Il y a cependant des points communs entre la réalité et la version de Shakespeare ?
Oui, et ils sont très apparents. On peut en premier lieu citer la douleur de l’enfance malheureuse d’un être qui naît physiquement amoindri. Et puis, il y a le rapport au frère, qui est très important. Dans la fratrie, il y a Edouard, qui est au pouvoir à ce moment-là, et il y a Clarence. L’un meurt, l’autre il le tue. Ce sont des êtres que Richard a extraordinairement admirés dans sa vie. Dans l’histoire, il va jusqu’au bout, et c’est beaucoup plus complexe que dans la pièce. Mais chez Shakespeare, on peut dire que de l’amour immodéré à la haine, de l’admiration à la jalousie, ça va assez vite. Enfin, il y a le problème des femmes. Le rapport aux femmes de cet homme qui est un séducteur difforme. Il en vient, là aussi c’est la vie qui intervient, à user de la séduction comme une vengeance, thème donjuanesque, récurrent dans tout le théâtre. Chez lui, ça va jusqu’au cynisme de la consommation la plus pure.

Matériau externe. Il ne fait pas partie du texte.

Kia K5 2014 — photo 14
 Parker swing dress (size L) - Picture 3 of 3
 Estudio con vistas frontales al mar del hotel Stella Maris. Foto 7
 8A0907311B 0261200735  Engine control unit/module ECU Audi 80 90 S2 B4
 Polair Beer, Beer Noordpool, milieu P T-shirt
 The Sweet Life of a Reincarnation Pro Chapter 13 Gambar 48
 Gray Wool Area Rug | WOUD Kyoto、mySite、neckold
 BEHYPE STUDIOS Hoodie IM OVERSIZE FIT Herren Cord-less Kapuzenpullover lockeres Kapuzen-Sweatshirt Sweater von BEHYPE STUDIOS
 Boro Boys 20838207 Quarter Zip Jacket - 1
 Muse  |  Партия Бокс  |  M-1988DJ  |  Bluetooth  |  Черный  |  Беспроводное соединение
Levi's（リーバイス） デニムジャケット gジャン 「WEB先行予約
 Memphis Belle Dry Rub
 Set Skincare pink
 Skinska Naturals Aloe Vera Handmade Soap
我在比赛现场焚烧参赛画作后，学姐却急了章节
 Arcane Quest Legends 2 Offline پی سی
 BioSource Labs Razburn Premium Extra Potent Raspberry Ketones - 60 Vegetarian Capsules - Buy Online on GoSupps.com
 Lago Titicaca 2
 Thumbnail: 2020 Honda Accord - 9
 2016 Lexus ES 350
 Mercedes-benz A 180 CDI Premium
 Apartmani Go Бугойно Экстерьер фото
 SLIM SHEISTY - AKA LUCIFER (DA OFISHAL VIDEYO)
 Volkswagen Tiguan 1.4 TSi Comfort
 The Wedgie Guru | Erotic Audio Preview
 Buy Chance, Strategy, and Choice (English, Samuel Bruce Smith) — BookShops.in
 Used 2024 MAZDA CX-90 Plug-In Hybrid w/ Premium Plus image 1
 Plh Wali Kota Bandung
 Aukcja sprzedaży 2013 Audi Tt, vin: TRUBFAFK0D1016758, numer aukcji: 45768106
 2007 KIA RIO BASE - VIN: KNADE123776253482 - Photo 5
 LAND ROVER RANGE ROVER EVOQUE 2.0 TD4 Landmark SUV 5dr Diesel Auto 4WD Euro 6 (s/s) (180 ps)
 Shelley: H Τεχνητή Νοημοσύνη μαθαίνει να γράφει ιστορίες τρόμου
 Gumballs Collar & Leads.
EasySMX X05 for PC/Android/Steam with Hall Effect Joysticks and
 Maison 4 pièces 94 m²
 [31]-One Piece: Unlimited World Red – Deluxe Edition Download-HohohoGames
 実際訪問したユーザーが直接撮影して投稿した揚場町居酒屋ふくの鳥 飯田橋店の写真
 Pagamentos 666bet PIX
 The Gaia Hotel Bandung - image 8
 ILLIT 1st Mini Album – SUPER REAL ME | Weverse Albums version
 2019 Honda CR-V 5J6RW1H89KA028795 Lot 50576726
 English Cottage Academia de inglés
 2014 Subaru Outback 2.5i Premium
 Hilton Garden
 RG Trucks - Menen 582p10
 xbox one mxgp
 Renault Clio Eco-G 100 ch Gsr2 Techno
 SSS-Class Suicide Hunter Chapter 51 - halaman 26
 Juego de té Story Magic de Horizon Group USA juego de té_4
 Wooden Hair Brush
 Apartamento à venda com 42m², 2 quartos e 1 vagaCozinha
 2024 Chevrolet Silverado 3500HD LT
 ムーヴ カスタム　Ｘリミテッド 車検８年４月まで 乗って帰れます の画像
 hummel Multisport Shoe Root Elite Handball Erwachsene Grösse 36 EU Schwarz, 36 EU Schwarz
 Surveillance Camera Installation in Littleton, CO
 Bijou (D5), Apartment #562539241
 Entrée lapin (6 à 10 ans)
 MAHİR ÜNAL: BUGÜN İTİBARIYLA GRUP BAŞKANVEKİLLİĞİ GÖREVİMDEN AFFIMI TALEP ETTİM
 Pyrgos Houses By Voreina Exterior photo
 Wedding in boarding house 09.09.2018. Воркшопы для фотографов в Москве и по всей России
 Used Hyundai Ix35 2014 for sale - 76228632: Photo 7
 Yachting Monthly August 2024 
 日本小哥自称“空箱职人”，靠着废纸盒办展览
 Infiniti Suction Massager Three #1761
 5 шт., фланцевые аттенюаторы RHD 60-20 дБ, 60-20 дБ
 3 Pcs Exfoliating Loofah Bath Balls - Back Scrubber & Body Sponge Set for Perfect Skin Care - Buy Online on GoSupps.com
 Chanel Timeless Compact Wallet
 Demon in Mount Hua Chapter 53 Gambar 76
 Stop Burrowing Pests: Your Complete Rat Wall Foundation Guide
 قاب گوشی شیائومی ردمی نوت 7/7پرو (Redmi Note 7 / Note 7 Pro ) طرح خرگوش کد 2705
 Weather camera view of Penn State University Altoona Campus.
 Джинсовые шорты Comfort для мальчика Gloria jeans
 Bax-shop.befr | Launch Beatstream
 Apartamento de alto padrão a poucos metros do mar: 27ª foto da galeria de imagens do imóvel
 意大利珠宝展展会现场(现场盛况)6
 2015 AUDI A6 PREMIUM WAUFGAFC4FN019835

Quel décor et quels costumes pour ce Richard III ?
J’ai eu l’idée d’une cage métallique, couleur gris et rouille, avec des échappatoires sur les côtés et une au fond de la scène. Sinon, rien si ce n’est deux monolithes noirs rectangulaires que les acteurs déplacent à leur gré et qui créent des espaces chaque fois différents. Un décor somme toute assez particulier. Quant aux costumes, que ce soit pour les hommes comme pour les femmes, qu’ils soient militaires ou civils, s’il fallait les dater, je les situerais dans une période qui m’est chère parce qu’elle est charnière : l’entre-deux guerres, les années 1920-30. C’est une période pour moi qui est suffisamment lointaine pour faire partie du passé et en même temps, elle est extrêmement moderne. C’est un mi-chemin qui ouvre toutes les possibilités à situer la pièce dans ce qu’elle a d’intéressant actuellement, sans pour autant aller jusqu’au hip hop contemporain.

Que pouvez-vous dire de l’adaptation de Teuscher, de son idée directrice ?
C’est une adaptation d’une certaine manière assez cinématographique pour un groupe réduit de comédiens. C’est-à-dire qu’il a travaillé sur une base qu’on pourrait qualifiée de plans-séquences, de tableaux. D’ailleurs, nous n’avons plus du tout tenu compte d’actes, mais pour nous, il y a 30 tableaux. Raoul Teuscher s’est amusé aussi parfois à intégrer à un moment de l’histoire, une situation qui se passe à un autre moment et qui arrive comme un flashback. Et ainsi de suite.

Le Théâtre des amis a fêté sa 15ème saison. Comment voyez-vous l’avenir ?
Vous savez, dans le théâtre, on est toujours dans une sorte de combat, une lutte permanente. Nous sommes un théâtre municipal, notre statut est fragile. Alors chaque jour, chaque mois, on négocie, on essaie de trouver de solutions, je fais beaucoup de politique, je vais expliquer pourquoi cette maison est importante. Alors comment je vois l’avenir ? Je suis dans l’espoir parce que je suis conscient que la commune de Carouge ne tient pas du tout à ce que ce théâtre disparaisse. Mais je ne sais pas, tout peut arriver. On est sans arrêt dans la fragilité.

Propos recueillis par Claire Brawand

« Richard III » de Shakespeare. Au Théâtre des Amis à Carouge, du 4 mai au 6 juin.